→ **Exercise data**:

-*-

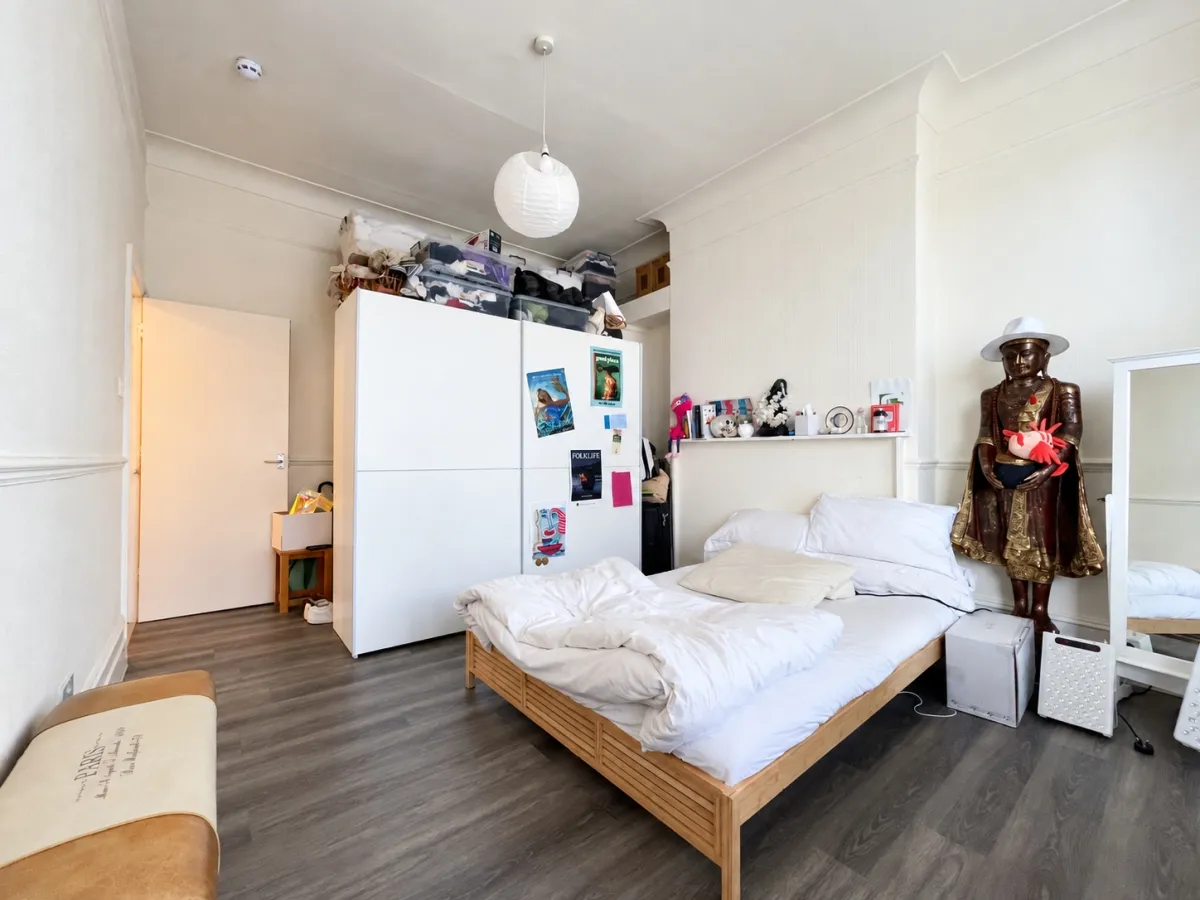 Flat Fortess Road in Greater London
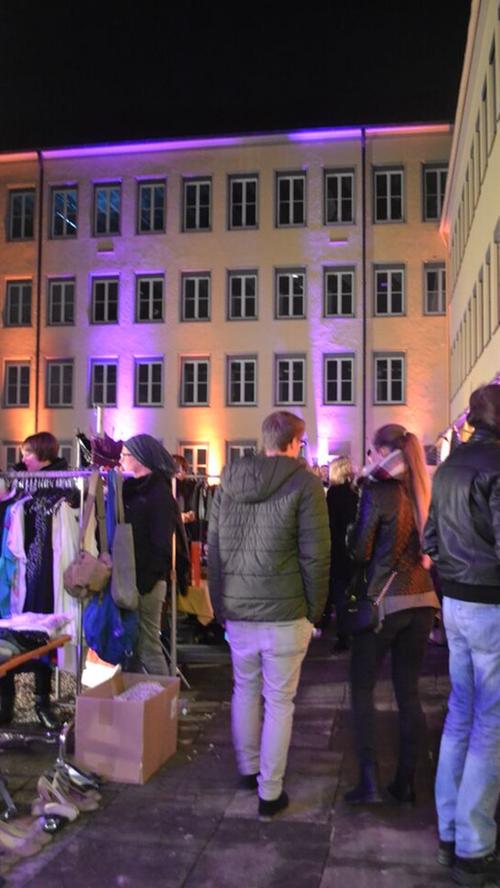 Nightmarket in Ansbach: Trödeln bis in die Nacht hinein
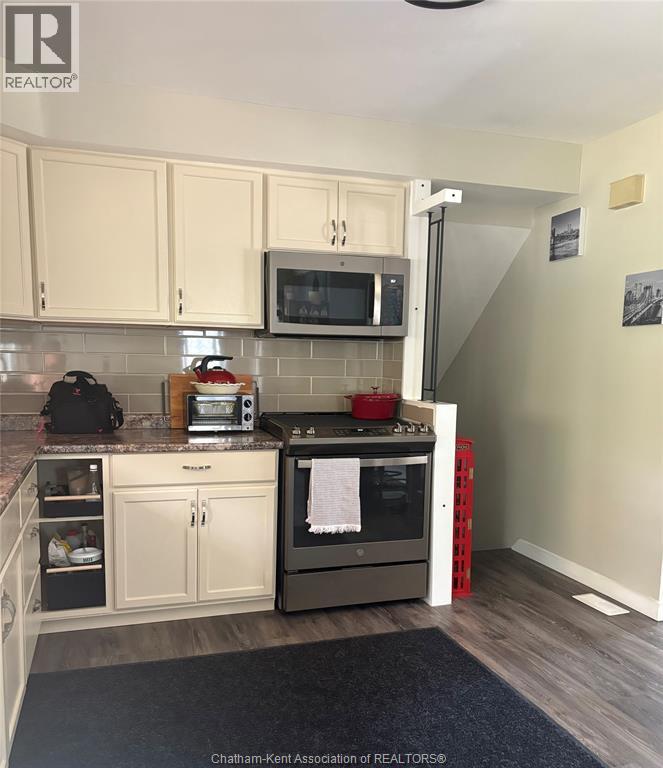 46 OTTAWA DRIVE - 7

-*-

→ **Problem statement**: Transcribe all of the material exactly, leaving out whatever pictures it contains.

→ **Exercise output**:
 Flat Fortess Road in Greater London
 Nightmarket in Ansbach: Trödeln bis in die Nacht hinein
 46 OTTAWA DRIVE - 7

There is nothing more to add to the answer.